:: TASK OBJECTIVE ::
In the copy, include no images, and repeat each entry precisely as written.

Scraped caption text data:
-------------------------

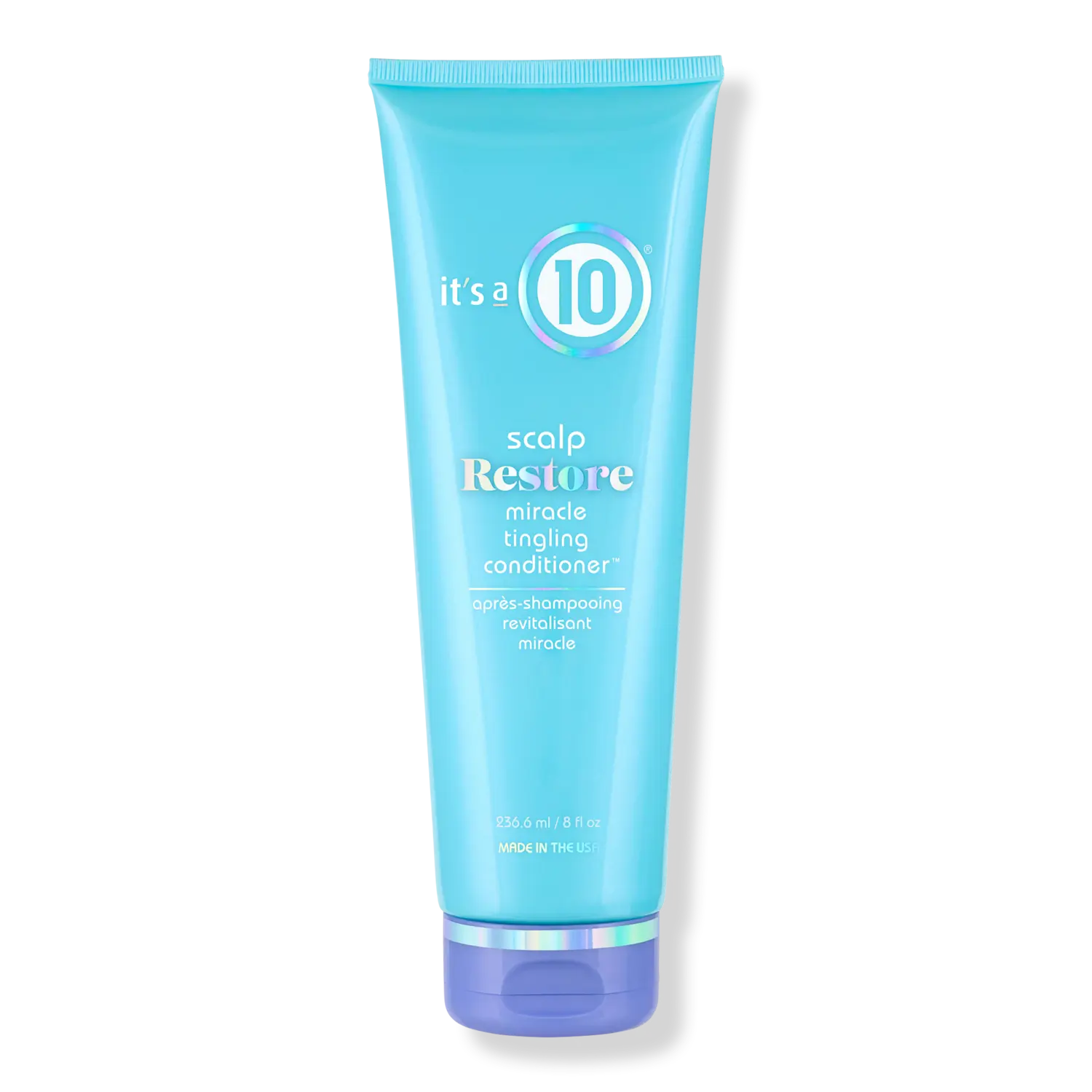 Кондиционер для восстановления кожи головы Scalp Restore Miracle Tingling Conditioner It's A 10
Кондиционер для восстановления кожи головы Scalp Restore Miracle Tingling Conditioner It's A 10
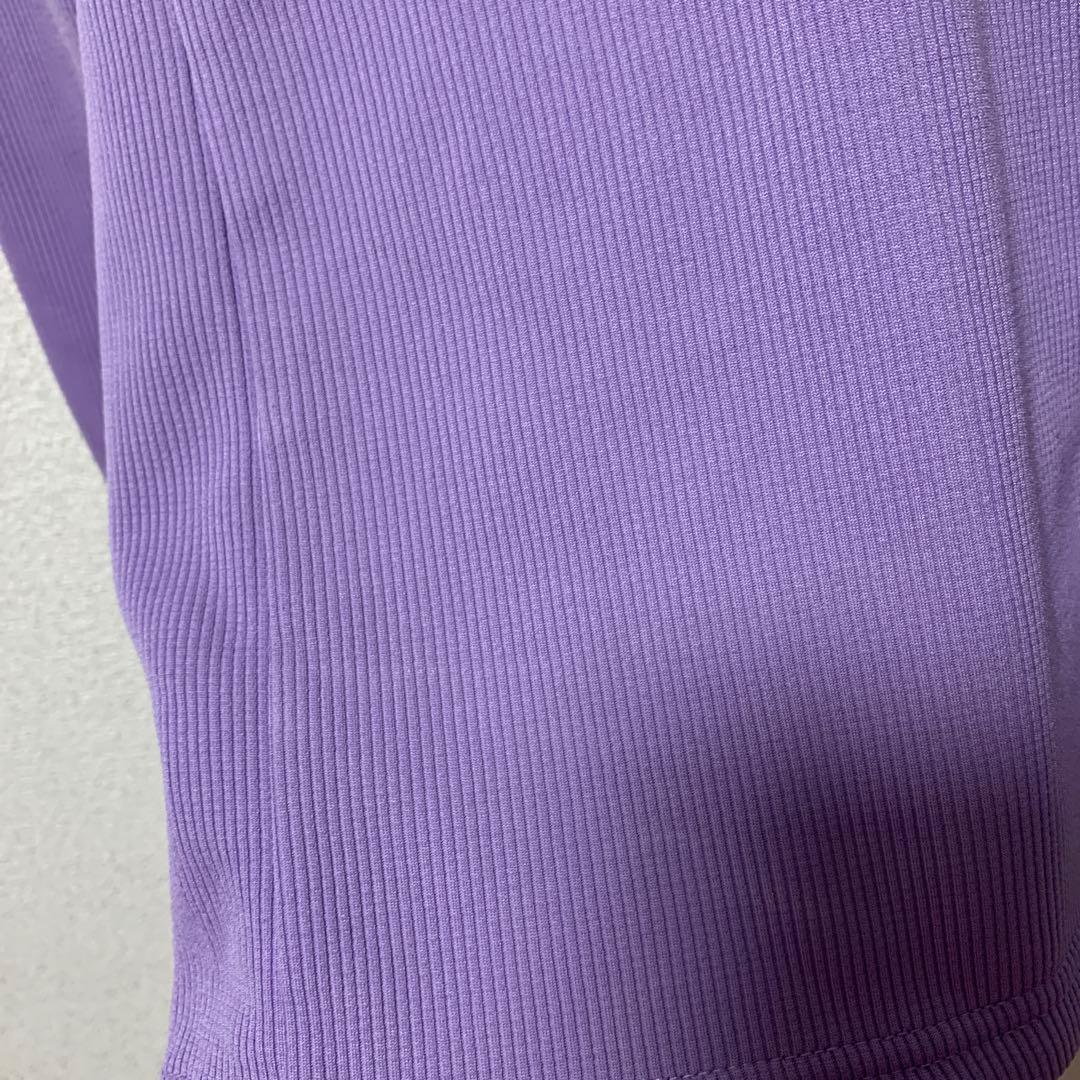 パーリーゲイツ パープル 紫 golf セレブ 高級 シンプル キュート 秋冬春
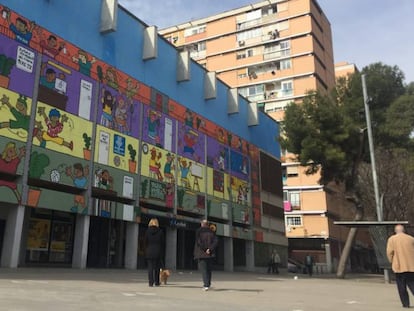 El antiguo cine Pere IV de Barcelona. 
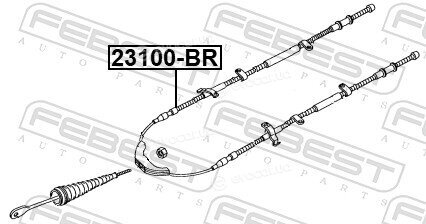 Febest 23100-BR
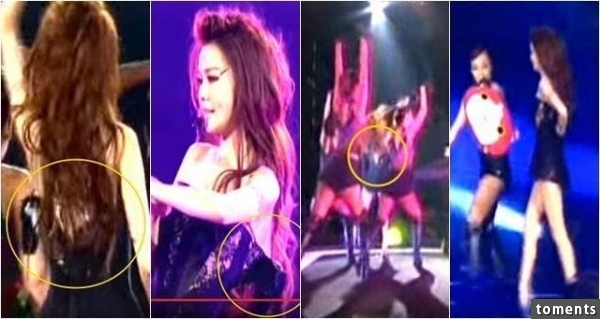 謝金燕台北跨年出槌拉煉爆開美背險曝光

-------------------------

:: EXERCISE ANSWER ::
 Кондиционер для восстановления кожи головы Scalp Restore Miracle Tingling Conditioner It's A 10
Кондиционер для восстановления кожи головы Scalp Restore Miracle Tingling Conditioner It's A 10
 パーリーゲイツ パープル 紫 golf セレブ 高級 シンプル キュート 秋冬春
 El antiguo cine Pere IV de Barcelona. 
 Febest 23100-BR
 謝金燕台北跨年出槌拉煉爆開美背險曝光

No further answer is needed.